Data for this task Start Marker

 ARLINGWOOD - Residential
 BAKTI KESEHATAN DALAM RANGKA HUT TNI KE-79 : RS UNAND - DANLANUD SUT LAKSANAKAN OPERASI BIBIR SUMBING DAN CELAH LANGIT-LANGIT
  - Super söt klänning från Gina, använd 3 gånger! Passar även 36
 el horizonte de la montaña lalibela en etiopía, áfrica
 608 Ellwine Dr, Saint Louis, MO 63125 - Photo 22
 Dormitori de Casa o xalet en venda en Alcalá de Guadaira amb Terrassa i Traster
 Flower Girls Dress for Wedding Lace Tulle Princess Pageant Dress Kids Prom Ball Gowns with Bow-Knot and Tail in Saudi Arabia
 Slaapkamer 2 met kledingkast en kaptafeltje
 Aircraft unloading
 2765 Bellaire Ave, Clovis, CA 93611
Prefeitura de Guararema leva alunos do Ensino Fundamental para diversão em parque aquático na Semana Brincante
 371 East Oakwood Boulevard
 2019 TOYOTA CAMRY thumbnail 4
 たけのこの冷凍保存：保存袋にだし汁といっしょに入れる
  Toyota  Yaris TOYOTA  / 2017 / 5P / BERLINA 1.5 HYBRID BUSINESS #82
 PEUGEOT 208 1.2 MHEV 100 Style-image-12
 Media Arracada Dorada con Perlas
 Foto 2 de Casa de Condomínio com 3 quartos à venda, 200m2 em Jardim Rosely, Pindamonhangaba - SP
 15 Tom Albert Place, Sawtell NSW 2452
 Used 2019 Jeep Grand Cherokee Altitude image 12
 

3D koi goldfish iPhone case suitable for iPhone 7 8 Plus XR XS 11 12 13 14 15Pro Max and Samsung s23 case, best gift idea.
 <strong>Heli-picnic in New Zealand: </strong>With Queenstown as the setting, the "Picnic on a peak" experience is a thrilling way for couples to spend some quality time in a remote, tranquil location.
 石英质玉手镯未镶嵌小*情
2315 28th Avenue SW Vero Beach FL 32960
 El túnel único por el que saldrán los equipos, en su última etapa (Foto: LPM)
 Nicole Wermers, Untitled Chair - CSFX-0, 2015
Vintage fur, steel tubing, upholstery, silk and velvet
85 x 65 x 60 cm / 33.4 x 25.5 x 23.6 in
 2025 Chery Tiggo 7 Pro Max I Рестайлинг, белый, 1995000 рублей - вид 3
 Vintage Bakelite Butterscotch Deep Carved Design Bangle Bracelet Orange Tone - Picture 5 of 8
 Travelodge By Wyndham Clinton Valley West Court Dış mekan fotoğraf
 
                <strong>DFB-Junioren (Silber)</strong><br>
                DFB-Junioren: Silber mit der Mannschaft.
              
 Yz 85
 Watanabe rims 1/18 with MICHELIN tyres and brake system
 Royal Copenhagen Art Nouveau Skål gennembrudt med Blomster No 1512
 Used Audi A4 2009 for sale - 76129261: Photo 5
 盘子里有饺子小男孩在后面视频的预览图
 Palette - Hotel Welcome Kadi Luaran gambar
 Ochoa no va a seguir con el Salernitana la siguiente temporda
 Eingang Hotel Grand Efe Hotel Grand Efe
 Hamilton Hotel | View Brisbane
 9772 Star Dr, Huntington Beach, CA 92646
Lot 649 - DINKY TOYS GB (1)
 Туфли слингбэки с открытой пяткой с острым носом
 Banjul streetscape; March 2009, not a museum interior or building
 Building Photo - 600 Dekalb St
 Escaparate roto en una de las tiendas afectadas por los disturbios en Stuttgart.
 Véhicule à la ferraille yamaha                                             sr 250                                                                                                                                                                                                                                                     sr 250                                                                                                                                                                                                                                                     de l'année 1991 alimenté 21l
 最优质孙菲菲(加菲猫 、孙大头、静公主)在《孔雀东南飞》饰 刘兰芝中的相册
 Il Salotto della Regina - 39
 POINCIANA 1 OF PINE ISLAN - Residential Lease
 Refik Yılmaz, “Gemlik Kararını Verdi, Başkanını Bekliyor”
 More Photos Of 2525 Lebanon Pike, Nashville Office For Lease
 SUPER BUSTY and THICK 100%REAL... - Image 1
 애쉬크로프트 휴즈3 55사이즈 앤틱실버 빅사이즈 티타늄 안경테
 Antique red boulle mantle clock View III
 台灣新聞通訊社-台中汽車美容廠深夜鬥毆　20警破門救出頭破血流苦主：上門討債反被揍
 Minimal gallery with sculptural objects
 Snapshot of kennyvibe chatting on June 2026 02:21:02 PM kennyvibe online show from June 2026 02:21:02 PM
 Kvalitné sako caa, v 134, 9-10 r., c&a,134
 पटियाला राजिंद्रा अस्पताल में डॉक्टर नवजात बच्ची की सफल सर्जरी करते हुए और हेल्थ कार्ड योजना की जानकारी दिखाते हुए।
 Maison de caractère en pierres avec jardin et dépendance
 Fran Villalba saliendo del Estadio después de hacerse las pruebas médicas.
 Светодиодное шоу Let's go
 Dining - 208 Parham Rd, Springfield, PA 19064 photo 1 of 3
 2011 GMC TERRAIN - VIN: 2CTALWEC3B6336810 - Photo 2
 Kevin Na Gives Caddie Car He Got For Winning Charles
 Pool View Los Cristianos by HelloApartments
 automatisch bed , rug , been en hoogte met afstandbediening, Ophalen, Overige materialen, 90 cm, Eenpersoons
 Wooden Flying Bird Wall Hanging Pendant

Data for this task End Marker

● Aim of the exercise: Please go line by line through the records above, copying each one that holds the string "strong".

● Problem solution:
 <strong>Heli-picnic in New Zealand: </strong>With Queenstown as the setting, the "Picnic on a peak" experience is a thrilling way for couples to spend some quality time in a remote, tranquil location.
                <strong>DFB-Junioren (Silber)</strong><br>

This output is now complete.